May 30, 2000
Life and Death
One of the most prominent themes in Ernest Hemingway’s book of short stories, In Our Time, is the theme of life and death. In the short story entitled “Indian Camp” there was both a miraculous birth of a baby, and the sudden death of the father, who committed suicide during his wife’s labor. Interestingly enough, as Nick sits on the lake rowing with his father, he thinks of death, and feels sure that he will never die.

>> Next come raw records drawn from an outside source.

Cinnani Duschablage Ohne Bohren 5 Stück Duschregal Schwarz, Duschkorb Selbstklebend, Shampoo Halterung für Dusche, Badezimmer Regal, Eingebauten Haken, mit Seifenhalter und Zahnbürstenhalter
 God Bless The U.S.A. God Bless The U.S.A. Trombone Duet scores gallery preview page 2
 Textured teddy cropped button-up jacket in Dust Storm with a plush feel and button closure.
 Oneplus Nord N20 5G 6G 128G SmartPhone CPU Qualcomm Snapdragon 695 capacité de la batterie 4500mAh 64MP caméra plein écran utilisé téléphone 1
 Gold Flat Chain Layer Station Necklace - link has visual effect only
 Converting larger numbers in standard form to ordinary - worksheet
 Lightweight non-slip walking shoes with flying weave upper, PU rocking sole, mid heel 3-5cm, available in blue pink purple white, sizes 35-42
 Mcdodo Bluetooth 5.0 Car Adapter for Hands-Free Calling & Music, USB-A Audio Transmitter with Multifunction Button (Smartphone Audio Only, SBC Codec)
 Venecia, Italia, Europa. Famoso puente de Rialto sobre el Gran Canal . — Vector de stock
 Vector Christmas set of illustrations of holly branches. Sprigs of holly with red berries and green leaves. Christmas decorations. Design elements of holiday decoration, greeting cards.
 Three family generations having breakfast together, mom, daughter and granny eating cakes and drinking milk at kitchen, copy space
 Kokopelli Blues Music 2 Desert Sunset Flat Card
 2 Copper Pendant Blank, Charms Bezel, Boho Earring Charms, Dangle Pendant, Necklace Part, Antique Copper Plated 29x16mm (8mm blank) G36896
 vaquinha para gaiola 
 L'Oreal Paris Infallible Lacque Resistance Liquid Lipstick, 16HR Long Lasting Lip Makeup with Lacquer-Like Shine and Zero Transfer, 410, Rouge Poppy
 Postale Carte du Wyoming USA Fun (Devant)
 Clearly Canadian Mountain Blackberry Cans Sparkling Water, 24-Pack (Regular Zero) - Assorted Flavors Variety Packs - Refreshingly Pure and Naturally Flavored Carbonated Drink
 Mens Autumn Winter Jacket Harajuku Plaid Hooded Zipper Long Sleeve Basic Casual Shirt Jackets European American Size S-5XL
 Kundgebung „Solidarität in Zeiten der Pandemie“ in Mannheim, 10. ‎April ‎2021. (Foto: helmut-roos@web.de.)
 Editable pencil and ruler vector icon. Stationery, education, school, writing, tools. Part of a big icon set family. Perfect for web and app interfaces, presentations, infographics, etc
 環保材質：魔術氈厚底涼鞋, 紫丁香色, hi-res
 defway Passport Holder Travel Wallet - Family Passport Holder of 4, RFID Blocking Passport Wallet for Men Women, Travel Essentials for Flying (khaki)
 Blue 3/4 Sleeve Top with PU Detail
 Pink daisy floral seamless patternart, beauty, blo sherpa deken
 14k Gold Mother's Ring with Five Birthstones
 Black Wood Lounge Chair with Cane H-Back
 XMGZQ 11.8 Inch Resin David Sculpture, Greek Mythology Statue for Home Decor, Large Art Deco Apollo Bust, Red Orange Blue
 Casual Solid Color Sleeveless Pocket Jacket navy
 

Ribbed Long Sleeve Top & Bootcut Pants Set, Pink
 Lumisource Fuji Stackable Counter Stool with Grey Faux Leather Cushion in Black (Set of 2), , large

In inter-chapter five, there are several similarities which can be compared to the story “Indian Camp.” First of all, there is the recurrent theme of “life and death.” The officer in the story has the choice to live or die, like the father in the short story, however he chooses not to continue his life by allowing himself to be killed. In both stories, the conditions around both the Indian woman and the officer are somewhat morbid as well. The Indian camp came off as fairly dirty, with many other sick people around, and in the inter-chapter there were “wet dead leaves on the paving of the courtyard,” not to mention multiple other dead bodies. Minor details such as the setting and characters nearby helped to enforce the theme of life and death throughout the novel. Ironically enough as well, at the end of this story, as the officer is going to be killed, he is also sitting in water, similar to the way Nick was when he was contemplating death. Although the theme of life and death stands out strongly throughout the book, there are also multiple other themes, which cements the fact that these short stories were compiled to tell one larger story, not just as a compilation of short stories to be read separately.